··· Exercise inputs ···
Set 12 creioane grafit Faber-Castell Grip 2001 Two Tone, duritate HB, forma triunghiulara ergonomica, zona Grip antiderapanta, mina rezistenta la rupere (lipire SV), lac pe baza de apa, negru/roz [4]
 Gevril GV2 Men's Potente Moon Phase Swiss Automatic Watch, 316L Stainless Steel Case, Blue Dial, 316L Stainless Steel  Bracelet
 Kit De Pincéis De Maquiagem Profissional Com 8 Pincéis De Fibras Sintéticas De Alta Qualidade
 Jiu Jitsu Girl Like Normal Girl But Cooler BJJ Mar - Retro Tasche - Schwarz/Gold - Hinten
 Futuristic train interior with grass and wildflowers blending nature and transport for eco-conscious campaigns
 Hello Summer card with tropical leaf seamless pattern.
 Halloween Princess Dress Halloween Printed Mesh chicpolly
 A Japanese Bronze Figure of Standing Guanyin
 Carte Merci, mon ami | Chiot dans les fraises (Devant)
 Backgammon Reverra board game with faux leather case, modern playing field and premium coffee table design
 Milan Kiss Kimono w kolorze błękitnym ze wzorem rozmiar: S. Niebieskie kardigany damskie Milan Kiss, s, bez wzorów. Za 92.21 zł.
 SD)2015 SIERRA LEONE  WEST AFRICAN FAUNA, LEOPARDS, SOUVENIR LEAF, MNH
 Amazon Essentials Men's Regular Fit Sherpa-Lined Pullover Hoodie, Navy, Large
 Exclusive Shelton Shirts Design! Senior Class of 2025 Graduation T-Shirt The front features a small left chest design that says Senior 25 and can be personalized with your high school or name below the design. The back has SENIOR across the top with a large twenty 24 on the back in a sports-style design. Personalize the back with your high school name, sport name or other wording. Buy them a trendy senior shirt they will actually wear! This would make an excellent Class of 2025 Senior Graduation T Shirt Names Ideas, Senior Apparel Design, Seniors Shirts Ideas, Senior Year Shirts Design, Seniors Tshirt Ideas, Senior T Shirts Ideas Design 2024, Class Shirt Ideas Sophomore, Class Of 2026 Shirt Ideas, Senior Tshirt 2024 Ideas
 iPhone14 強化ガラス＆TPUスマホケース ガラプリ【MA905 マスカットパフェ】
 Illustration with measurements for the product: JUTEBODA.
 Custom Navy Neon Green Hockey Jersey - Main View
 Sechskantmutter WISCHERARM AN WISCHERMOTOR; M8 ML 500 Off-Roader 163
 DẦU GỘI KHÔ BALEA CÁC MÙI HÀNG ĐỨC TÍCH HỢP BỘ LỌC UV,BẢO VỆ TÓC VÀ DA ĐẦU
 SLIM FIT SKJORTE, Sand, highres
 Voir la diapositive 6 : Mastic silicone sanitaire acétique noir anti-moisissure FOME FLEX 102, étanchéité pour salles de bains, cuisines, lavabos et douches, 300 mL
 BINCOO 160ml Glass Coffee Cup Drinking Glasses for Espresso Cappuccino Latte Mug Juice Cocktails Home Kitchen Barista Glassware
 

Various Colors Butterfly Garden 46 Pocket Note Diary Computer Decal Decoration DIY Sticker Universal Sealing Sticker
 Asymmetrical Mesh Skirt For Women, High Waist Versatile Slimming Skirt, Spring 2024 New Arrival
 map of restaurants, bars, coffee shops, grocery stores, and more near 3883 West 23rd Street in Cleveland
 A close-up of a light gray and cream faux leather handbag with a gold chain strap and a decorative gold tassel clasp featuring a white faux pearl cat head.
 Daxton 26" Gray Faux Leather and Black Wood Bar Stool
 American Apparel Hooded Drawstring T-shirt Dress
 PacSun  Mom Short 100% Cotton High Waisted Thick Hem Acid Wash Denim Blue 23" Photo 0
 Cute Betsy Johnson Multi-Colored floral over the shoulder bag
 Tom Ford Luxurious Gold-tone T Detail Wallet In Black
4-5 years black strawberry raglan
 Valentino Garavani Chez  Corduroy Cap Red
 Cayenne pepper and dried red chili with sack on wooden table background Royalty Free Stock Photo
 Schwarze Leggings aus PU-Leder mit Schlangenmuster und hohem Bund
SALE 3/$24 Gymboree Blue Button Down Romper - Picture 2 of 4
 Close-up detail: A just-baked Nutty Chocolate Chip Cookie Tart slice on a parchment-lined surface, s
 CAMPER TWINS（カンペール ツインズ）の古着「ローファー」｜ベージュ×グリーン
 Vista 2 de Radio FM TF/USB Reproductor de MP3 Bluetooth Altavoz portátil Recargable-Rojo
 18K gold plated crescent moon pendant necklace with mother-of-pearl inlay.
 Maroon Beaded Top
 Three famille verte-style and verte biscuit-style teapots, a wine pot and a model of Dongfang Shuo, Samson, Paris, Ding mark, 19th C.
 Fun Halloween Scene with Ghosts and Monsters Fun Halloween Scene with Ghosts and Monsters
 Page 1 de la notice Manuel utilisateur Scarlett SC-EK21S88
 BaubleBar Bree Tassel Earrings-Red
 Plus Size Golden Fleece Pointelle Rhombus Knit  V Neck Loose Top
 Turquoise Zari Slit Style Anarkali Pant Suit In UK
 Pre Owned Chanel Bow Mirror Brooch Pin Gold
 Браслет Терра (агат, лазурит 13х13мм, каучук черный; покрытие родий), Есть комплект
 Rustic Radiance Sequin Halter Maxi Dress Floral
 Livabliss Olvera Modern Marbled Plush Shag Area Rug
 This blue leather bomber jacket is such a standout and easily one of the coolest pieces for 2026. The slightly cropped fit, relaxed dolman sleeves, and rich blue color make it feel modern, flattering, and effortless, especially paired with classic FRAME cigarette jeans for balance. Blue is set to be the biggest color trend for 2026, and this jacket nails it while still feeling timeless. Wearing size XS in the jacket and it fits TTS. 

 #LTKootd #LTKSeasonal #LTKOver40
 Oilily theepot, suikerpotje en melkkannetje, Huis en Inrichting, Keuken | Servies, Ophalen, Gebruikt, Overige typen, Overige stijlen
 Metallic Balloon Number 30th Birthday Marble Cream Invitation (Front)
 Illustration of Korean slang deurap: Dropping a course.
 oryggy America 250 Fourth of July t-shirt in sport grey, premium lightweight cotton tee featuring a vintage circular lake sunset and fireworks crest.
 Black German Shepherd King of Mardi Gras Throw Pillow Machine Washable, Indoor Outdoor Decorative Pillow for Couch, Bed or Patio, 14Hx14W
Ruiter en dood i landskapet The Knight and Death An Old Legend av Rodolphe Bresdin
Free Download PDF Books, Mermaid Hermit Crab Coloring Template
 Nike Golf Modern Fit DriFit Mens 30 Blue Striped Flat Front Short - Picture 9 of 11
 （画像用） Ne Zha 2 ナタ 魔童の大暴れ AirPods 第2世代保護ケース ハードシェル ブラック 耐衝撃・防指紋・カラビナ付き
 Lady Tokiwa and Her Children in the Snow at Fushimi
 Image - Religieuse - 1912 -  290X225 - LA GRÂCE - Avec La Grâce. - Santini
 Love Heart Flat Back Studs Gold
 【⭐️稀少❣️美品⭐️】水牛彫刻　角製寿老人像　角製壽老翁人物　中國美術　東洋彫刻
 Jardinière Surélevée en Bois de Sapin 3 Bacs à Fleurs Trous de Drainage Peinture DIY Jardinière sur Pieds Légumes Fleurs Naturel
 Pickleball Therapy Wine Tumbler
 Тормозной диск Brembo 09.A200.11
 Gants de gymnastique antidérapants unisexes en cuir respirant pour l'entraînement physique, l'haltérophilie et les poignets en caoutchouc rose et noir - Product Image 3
···
▶ Instructions to follow: Copy out the range of lines above starting at the line with "Pre Owned Chanel Bow Mirror Brooch Pin Gold" and ending at the line with "Livabliss Olvera Modern", exactly and including both.

▶ Solution for this problem:
 Pre Owned Chanel Bow Mirror Brooch Pin Gold
 Браслет Терра (агат, лазурит 13х13мм, каучук черный; покрытие родий), Есть комплект
 Rustic Radiance Sequin Halter Maxi Dress Floral
 Livabliss Olvera Modern Marbled Plush Shag Area Rug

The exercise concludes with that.